REPUBLIKA.CO.ID, JAKARTA -- Ada dugaan pelarangan penggunaan jilbab di sejumlah sekolah di Bali dilakukan masif dan terstruktur. Sebab mayoritas kepala sekolah yang didatangi selalu berlindung di balik aturan sekolah dan menunggu izin dinas pendidikan.
Wakil Sekjen PB PII, Helmy Al Djufri menyebutkan ada 40 sekolah yang terdata melakukan pelarangan jilbab, baik lisan maupun tulisan. PII sendiri baru memberikan data 31 sekolah dan sembilan sekoah sisanya masih dalam proses peninjauan.
Rata-rata sekolah melarang secara lisan. Sekolah yang membolehkan umumnya sekoah swasta Islam. Data dikumpulkan PII sejak Oktober 2013 hingga Maret 2014.''Karena banyaknya sekolah yang melarang, pertaannya sekarang bukan sekolah mana yang melarang, tapi mana yang membolehkan?,'' ungkap Helmy Al Djufri.
Helmy menyampaikan jumlah bukan poin utama kasus jilbab ini karena walaupun hanya satu, itu akan tetap jadi sorotan dan harus diperjuangkan. Selama ini, jika siswi SMP Muslim ingin tetap berjilbab saat SMA harus pindah, mereka harus pindah sekolah ke Jawa.
Setiap tahun pun PII melakukan advokasi hanya bagi siswi Muslim yang ingin berjilbab di sekolah. PII berharap ada tim investigasi dari Kemendikbud yang mengecek langsung ke lokasi.

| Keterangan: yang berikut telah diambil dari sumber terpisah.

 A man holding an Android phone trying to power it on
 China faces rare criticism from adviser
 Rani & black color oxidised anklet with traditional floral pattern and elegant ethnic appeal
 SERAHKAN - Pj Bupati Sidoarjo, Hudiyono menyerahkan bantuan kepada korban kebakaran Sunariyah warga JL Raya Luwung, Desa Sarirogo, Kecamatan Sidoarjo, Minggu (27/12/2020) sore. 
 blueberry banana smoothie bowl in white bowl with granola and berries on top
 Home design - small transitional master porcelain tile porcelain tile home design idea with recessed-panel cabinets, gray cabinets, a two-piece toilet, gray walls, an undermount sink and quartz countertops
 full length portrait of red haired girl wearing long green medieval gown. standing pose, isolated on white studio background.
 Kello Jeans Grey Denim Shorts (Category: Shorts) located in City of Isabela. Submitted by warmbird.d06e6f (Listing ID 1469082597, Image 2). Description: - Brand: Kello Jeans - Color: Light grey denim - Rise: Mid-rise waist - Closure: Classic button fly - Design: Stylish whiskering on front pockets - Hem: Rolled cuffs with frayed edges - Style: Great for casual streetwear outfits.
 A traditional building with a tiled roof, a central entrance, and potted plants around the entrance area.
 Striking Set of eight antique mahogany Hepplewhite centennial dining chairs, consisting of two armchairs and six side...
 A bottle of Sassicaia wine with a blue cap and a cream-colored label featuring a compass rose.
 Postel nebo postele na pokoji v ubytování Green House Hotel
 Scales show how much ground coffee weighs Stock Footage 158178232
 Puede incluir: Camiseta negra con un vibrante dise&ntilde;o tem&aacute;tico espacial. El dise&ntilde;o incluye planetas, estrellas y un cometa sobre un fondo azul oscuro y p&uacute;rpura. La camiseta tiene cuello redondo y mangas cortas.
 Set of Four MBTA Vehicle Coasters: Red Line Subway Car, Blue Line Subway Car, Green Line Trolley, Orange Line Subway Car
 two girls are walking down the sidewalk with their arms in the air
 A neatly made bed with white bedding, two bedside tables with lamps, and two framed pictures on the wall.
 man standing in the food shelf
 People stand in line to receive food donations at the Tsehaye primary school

Mereka juga menyayangkan tidak semua sekolah negeri mempunyai guru pendidikan agama Islam.
Kepada Direktur Pembinaan SMA Kemendikbud dan Komnas HAM, PII menyerahkan masing-masing satu bundel dokumen berisi laporan PII Wilayah Bali dan tim advokasi dari sejak Oktober 2013hingga Februari 2014, draf perkara jilbab SMAN 2 Denpasar, skema gerakan jangka pendek tim advokasi dan kumpulan berita pelarangan jilbab di Bali.
Terpisah dari bundel, mereka juga memberikan daftar sekolah yang melarang jilbab, kliping berita media lokal dan hasil advokasi kasus jilbab 2002.
Pada 2002 lalu, seorang siswi satu SMP negeri sempat memperkarakan jilbab hingga ke pengadilan, namun kalah. Sampai saat ini PII masih memantau izin jilbab di sekolah itu. PII berharap izin jilbab bisa berlaku di Bali sebelum penerimaan siswa baru Mei mendatang.
PII menekankan jibab diperjuangkan sebagai hak dasar keyakinan dan tidak dikaitkan dengan SARA. PII menyayangkan adanya pemberitaan media lokal yang tidak berimbang.